Variable displacement mechanism 300 includes radially extending cylindrical hollow space 301 formed between the rear end of cup-shaped casing 12 and the inner forward end of semicylindrical-shaped member 122. Cylindrical hollow space 301 includes large diameter portion 302 and a pair of small diameter portions 303 and 304 which are located at upper and lower ends of large diameter portion 302, respectively. First annular ridge 305 forms a boundary between large diameter portion 302 and upper small diameter portion 303. Second annular ridge 306 forms a boundary between large diameter portion 302 and lower small diameter portion 304. Cylindrical pipe member 302a is fixedly disposed in large diameter portion 302 while cylindrical pipe member 303a is fixedly disposed in upper small diameter portion 303.

Cylindrical valve member 310, which is essentially a piston slidably disposed within cylindrical hollow space 301, includes first section 311 and second section 312. First section 311 of cylindrical valve member 310 is slidably disposed within cylindrical pipe member 302a. Second section 312 of cylindrical valve member 310 is integrally formed as an upper end of first section 311, and is slidably disposed within cylindrical pipe member 303a. Cylindrical valve member 310 further includes annular shoulder section 313 which forms a boundary between first section 311 and second section 312.
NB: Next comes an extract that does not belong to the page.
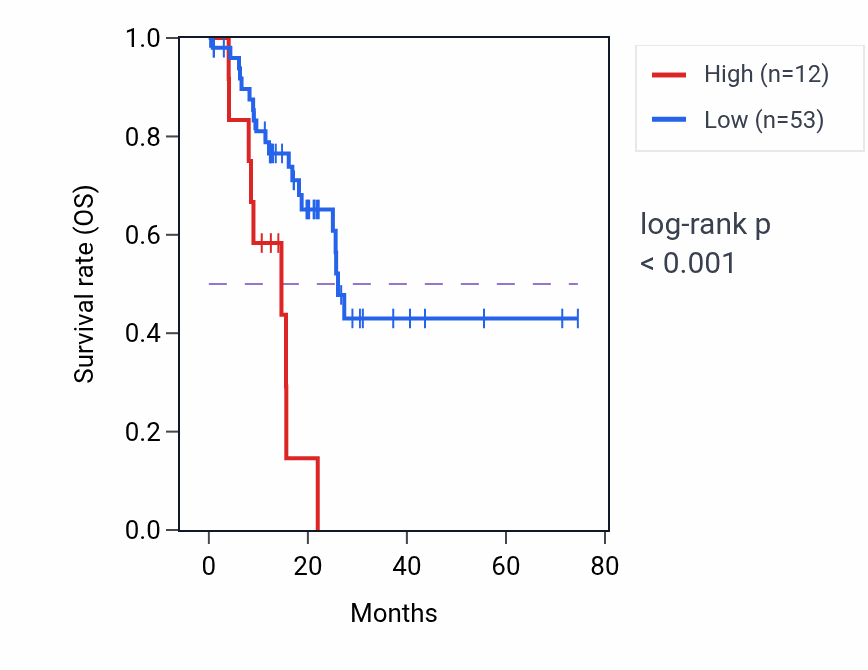 Kaplan&ndash;Meier survival curve for EEF1A1P37 RNA expression in STAD: high vs low expression groups.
First and second communication paths 321 and 324, both of which link suction chamber 271 to an inner hollow space of cylindrical pipe member 302a, are continuously formed through circular end plate 211 of fixed scroll 21, the rear end of cup-shaped casing 12, and cylindrical pipe member 302a. One end of first communication path 321 opens to a lower portion of the inner hollow space of cylindrical pipe member 302a, while the other end thereof opens to suction chamber 271. One end of second communication path 324 opens to an upper end portion of the inner hollow space of cylindrical pipe member 302a, while the other end thereof opens to suction chamber 271.
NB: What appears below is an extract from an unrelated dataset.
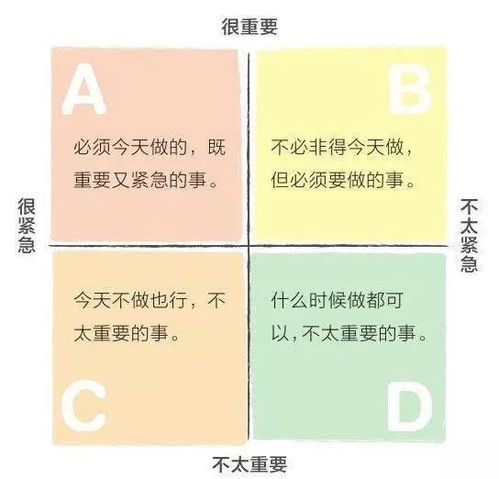 拉开孩子距离的不是智商,而是 时间管理 能力,聪明父母这样做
Third communication path 322, continuously formed through the rear end of cup-shaped casing 12 and cylindrical pipe member 303a, links discharge chamber 281 to an upper end portion of an inner hollow space of cylindrical pipe member 303a. Filter member 322a is fixedly disposed within third communication path 322. Fourth communication path 323, continuously formed through circular end plate 211 of fixed scroll 21 and the rear end of cup-shaped casing 12, links a pair of intermediately located sealed spaces to lower small diameter portion 304 of cylindrical hollow space 301. One end of fourth communication path 323 opens to lower small diameter portion 304 of cylindrical hollow space 301. The other end of fourth communication path 323 is forked into two branches (not shown) which respectively communicate with a pair of intermediately located sealed spaces.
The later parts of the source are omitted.